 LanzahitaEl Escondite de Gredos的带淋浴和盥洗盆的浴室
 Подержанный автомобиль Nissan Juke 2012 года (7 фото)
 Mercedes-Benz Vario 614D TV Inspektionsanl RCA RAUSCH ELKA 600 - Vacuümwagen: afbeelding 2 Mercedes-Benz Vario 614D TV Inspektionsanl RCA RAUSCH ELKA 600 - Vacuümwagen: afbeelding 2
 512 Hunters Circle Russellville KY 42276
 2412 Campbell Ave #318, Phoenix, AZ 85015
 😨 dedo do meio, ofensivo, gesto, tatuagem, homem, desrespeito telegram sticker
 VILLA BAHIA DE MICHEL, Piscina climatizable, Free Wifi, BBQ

---

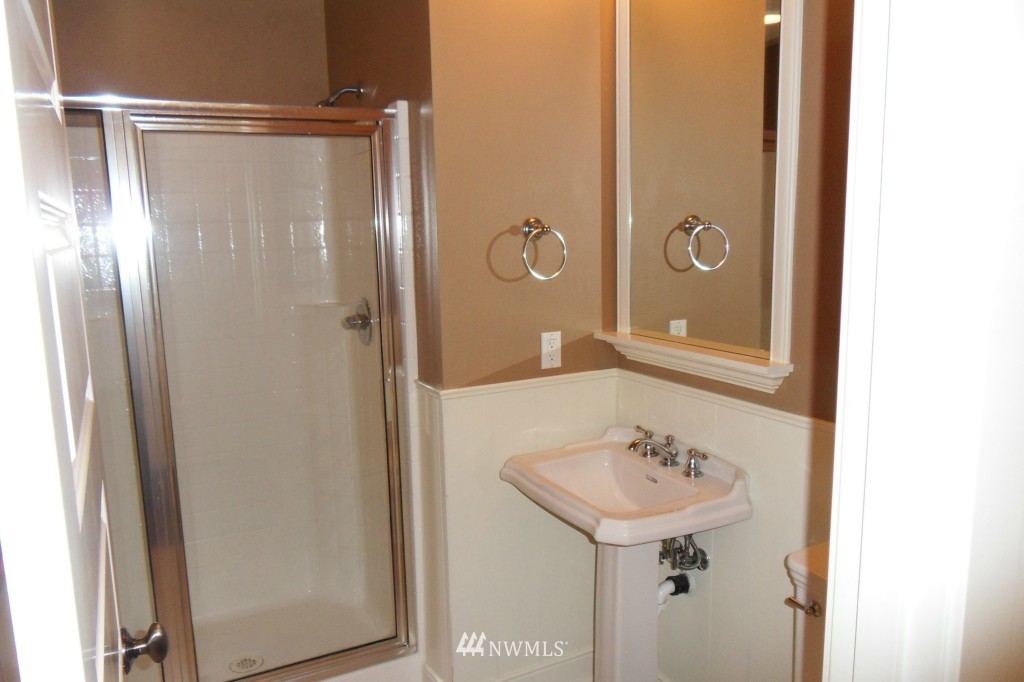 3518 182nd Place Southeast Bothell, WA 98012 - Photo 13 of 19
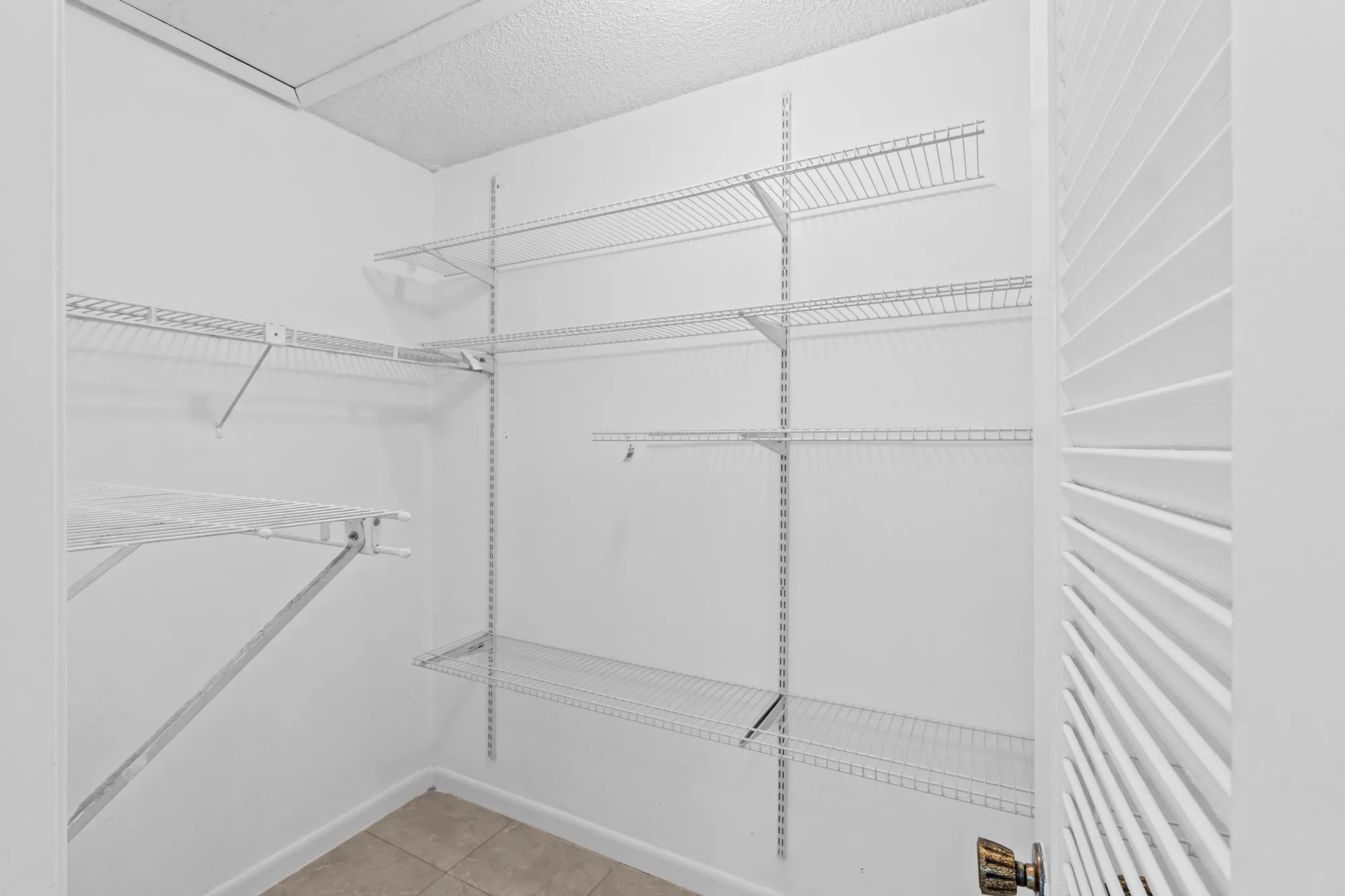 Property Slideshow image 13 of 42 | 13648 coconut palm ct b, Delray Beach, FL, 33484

• [PROMPT] In the data above, which lines lie between the line with "2412 Campbell Ave #318, Phoenix, AZ 85015" and the line with "VILLA BAHIA DE", inclusive? Print those lines exactly and nothing else.

• [EXERCISE RESPONSE]
 2412 Campbell Ave #318, Phoenix, AZ 85015
 😨 dedo do meio, ofensivo, gesto, tatuagem, homem, desrespeito telegram sticker
 VILLA BAHIA DE MICHEL, Piscina climatizable, Free Wifi, BBQ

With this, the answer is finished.